Çocukken bayılırdım “Uzay Yolu” seyretmeye. Uzay gemileri ve uzak diyarları hayal ediyordum; göğün bulutsuz olduğu gecelerde oturduğumuz apartman dairesinin balkonundan yıldızları, gezegenleri ve Ay’ı gözlerdim. Bir teleskobum yoktu, bu yüzden babamın dürbününü alırdım hep. Ve gerçekten de, göğün iyice berrak olduğu gecelerde Ay’daki bazı kraterleri görebilirdim. Ya o tül duvak, Satürn’ün halkaları mıydı acaba?
Muhtemelen yanılıyordum çünkü elimdeki pek iyi bir dürbün değildi ve o dönemde, özellikle kış aylarında, hava kalitesi de berbattı. Bizim mahallede kömürle ısıtılırdı evler, bu yüzden Köln seması neredeyse her zaman bulanıktı. Oturduğumuz daireye aşağıdaki kömürlükten kömür taşımamızı ve sobanın külünü aşağıya indirmemizi hiç unutmam. Yaşımla birlikte kaygılarım da büyüdü: Günbegün havaya savurduğumuz pislik, ormanları mahveden asit yağmuru, fok katliamı, denize dökülen sülfürik asit; o yıllarda çevreye karşı işlenmiş bütün o feci suçlar.
1986’te 14 yaşındaydım, teneffüslerde okulun bahçesine çıkmamız yasaklandı. Birkaç gün önce Çernobil’de nükleer erime yaşanmıştı. Ve şimdi de yağmur yağıyordu.
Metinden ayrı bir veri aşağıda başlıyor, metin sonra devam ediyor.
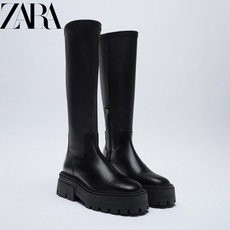 자라 ZARA 롱부츠 통굽 키높이 라이더 부츠 천연소가죽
Öğretmenlerimiz, biz çocuk ve gençleri olası nükleer kirlenmeden korumaya karar vermişlerdi.
Tarih, insanlığın gözüne sokarcasına bir uyarı yapmıştı. Bu mevsimde normalde rüzgâr batıdan eserdi, dolayısıyla radyoaktif bulutların doğuya doğru sürüklenmesi gerekirdi. Ama o haftalarda rüzgâr doğudan esmiş ve radyoaktif bulut Avrupa’nın bazı bölgelerine yayılmıştı, Almanya da bu bölgelerden biriydi. Senelerdir dile getirilen nükleer tehlike bir anda gerçek olmuştu.
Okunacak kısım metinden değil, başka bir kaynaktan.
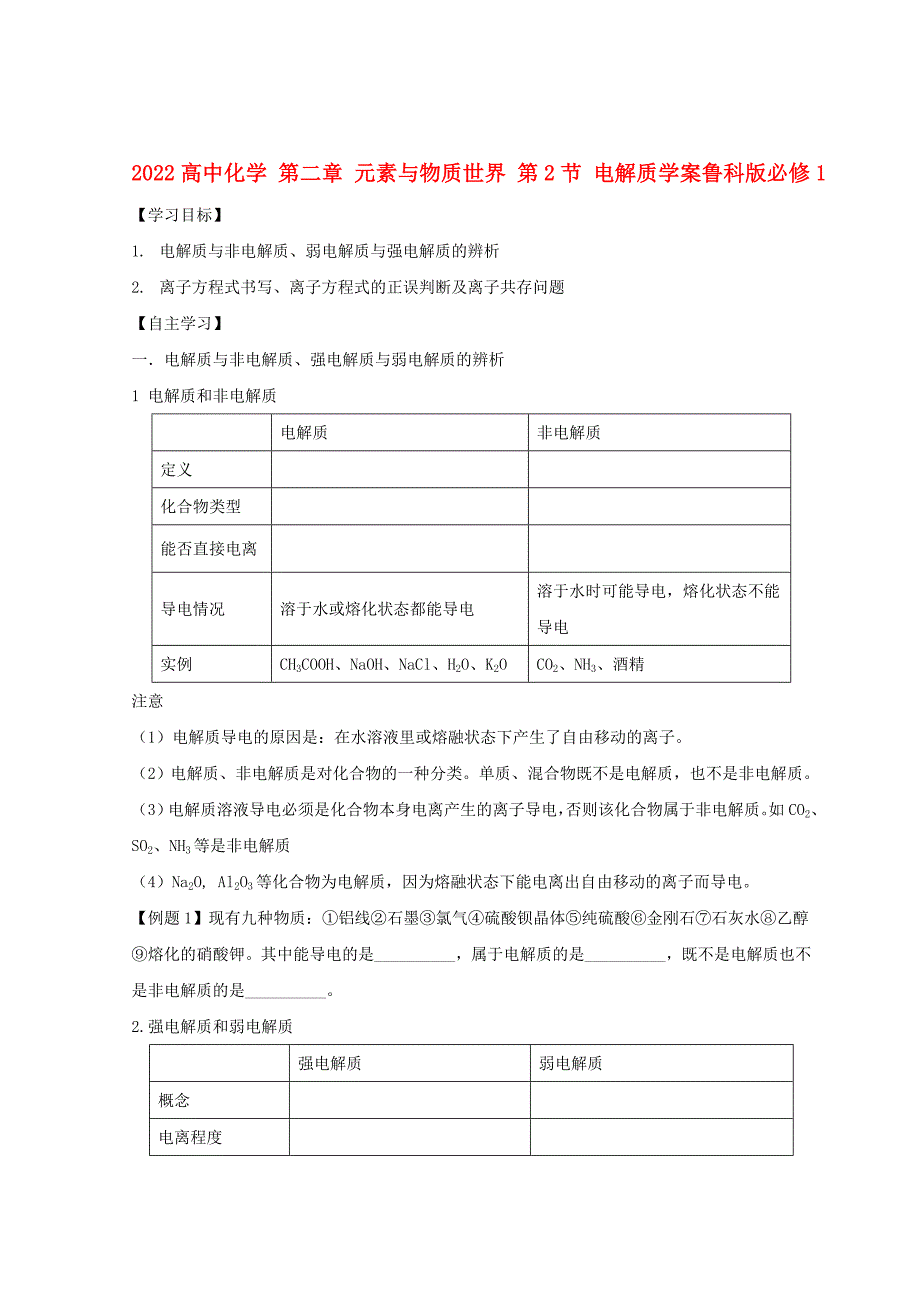 2022高中化学 第二章 元素与物质世界 第2节 电解质学案鲁科版必修1_第1页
Annem ve babam 60’lı yıllarda Köln’e göçmüştü ve Ford’da çalışıyorlardı.
Ford, hayatımızın tam anlamıyla merkezinde, odak noktasındaydı. Ford evlerinde oturuyorduk; sadece ebeveynim değil bütün komşularımız, amcalarım, teyzelerim ve kuzenlerimin çoğu da Ford çalışanıydı. Yetişkinlerin birbirlerine, “Hangi bölümdesin?” diye sorduklarını duyuyordum. Annemin arabaların koltuk döşemelerini diktiğini, babamın da montaj bandında silindirlerin somunlarını sıktığını bu ara öğrenmiştim.
Daha sonra, öğrenciyken ben de tatilde Ford’da bir iş bulmuştum. Böylece ebeveynimin ve onların kuşağının hayatlarını nasıl zor şartlarda kazandığını gördüm. Benim işim fabrikadaki su ve meyve suyu otomatlarının doldurulmasıydı. Küçük elektrikli bir arabayla bir üretim sahasından diğerine geziyor ve her gün tonlarla içecek kasasını dolduruyor ve boşaltıyordum. Çok ağır bir işti, ama keyif veriyordu bana, hele işimi yaparken akrabalarımla ve tanıdıklarla karşılaşmak pek hoşuma gidiyordu. Üretim alanı Halle R hâlâ hafızamda. Şanzıman parçalarının üretildiği bu dökümhanede hava boğucuydu ve kirli hava daha mekâna girerken adeta gözle görülebiliyordu.
O yıllarda bilim insanı olmayı hayal ediyordum; çok uzaklarda, sahada çalışacaktım, mesela Antarktika’nın buzlarında ya da Rubülhali Çölü’nün kızgın kumlarında. Yutarcasına okurdum survival kitaplarını, harita okumayı, pusula kullanmayı öğrenmiştim. Şişme botumla balina avcılarının karşısına dikilecek, yağmur ormanlarına, soyu tükenmekte olan hayvanları korumaya gidecektim.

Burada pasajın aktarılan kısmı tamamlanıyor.